Elsewhere, Gabriel faces other complications. His father is dying of cancer, his girlfriend wants more from their relationship, and the restaurant manager appears to be running an illegal business under Gabe's nose. Enter Lena, an eerily attractive young woman with mysterious ties to the dead man. Under her spell, Gabe makes a decision, the consequences of which strip him naked and change the course of the life he knows - and the future he thought he wanted.
Readers and reviewers have been stunned by the breadth of humanity in Monica Ali's fiction. She is compared to Dickens and called one of three British novelists who are "the voice of a generation" by Time magazine. In the Kitchen is utterly contemporary yet has all the drama and heartbreak of a great nineteenth-century novel. Ali is sheer pleasure to read, a truly magnificent writer.
Monica Ali is the daughter of English and Bangladeshi parents. She attended oxford university. In the Kitchen is her third book. It's hard not to be amazed at her writing endeavors as she has said herself, "It was all a spot of luck. I was rather lucky."
One day, while raising two kids, she decided to write a novel which was only five chapters at the time. She showed it to her friend who happened to be doing an internship in a publishing house. Her friend passed it to someone and Voila! Instant book deal and contract before the novel was even finished! That book is called Brick Lane, a cultural diverse tapestry involving a character named Nazneen, who knows little English and whose wedding is prearranged. It asks the question, can we control our lives?
For an auditorium filled with people hanging on monica's every word, they were, as the interviewer said, an extremely shy bunch. Only two people got up to the microphone to ask questions.
I was the second.
"Do you get writer's block?" I asked.
"Sometimes, if what you're talking about is characters getting stuck. But I always feel I have something to say. There are nights, however, where I've stared at the screen for 9 hours and have only written ten words but it doesn't happen much. For a writer, you can't force preparation. It is either the time to write or it isn't."
She says that she loves writing dialogue and that, when her family is asleep, that is when she gets the most work done. She attributes her characters to actors and says she knows exactly how they are pictured and how they talk inside her head.
She is also well into writing her next book, all while she's doing this book tour.
Afterwards, I stepped up to have my book signed. I have to admit, I was a bit intimidated. I think it was her accent.
"Are you a writer?" She asks as I come up to the table.
I can't help smiling a little. "Yeah. How'd you know?"
"Your question. You can always tell when there's a fellow writer in the room."
Well, I'll be damned.
I told her that I was at work on my third book but that it is also tough, that I get Writer's block more than I would like to.
She simply said, "Keep at it.

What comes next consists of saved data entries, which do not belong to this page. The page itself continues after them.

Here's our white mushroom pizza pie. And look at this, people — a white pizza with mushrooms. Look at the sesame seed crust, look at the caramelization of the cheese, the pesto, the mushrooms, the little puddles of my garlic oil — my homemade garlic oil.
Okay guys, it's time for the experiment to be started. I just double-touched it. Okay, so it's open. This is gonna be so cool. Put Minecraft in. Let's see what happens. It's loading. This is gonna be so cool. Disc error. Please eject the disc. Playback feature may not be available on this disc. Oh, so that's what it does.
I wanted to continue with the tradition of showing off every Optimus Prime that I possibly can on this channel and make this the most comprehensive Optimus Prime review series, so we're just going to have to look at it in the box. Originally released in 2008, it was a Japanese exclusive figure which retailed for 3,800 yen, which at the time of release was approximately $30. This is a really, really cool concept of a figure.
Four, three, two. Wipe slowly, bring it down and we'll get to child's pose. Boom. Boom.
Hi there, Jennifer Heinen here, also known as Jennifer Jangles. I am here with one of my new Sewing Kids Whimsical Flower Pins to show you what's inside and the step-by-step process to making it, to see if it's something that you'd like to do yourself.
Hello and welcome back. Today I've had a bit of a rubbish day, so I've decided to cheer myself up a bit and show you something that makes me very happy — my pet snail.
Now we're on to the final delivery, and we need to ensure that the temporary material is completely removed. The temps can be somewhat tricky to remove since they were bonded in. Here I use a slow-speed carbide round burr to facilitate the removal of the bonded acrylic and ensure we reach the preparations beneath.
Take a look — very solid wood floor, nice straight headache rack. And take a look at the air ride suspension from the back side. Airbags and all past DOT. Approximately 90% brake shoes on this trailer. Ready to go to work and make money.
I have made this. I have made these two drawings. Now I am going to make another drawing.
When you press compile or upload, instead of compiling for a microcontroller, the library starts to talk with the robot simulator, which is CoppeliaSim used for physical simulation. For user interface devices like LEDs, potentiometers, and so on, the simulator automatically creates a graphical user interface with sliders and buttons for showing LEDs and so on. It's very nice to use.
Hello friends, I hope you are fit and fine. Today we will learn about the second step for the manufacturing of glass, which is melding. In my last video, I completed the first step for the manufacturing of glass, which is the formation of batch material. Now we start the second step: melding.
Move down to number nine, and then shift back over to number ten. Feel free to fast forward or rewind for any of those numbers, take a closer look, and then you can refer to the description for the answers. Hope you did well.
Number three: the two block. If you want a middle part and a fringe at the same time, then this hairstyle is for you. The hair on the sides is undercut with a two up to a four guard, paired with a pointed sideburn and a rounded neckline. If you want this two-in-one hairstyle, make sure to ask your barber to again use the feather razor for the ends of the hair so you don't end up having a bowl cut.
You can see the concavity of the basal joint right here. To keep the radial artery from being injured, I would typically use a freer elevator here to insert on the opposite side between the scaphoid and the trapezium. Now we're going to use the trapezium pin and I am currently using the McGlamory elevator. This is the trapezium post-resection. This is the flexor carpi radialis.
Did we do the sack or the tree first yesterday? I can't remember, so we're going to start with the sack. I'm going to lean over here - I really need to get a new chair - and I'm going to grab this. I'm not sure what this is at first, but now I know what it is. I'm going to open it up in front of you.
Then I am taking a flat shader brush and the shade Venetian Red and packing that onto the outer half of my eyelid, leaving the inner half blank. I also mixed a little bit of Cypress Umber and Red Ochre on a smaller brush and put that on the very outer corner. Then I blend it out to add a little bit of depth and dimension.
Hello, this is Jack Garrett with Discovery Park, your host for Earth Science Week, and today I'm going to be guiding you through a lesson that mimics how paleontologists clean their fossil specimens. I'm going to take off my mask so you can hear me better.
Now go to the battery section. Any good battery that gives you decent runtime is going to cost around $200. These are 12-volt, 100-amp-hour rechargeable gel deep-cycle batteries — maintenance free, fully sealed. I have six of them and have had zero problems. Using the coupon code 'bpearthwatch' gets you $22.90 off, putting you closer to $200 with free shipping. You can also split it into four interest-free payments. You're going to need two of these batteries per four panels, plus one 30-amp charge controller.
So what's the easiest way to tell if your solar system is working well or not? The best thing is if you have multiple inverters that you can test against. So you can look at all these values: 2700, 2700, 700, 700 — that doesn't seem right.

Just keep at it."
Glad to say that I will.
"Tomorrow may be hell, but today was a good writing day, and on the good writing days nothing else matters." ~ Neil Gaiman
2 comments:
I get writers block more often than I'd like to admit also. I don't know why it is so hard sometimes. I'm really glad I found this whole blogging community. I was feeling pretty alone in the world before I did. It's nice to see that there are hundreds of us out there struggling. Thanks for taking the time to put up posts like this. It really helps.
I know.
One of the things they talked about was how some people have writer's block for years and sometimes even decades. Now that is scary. But I have found a solution that works eighty percent of the time: daydreaming. If you just sit, or are out walking, and you daydream, let your mind wander, ask yourself questions; it will take your stories in new directions.
Also, happy to know that in this day and age writers are not the recluses they used to be. Now each one is willing to give the other a helping hand. God bless the internet.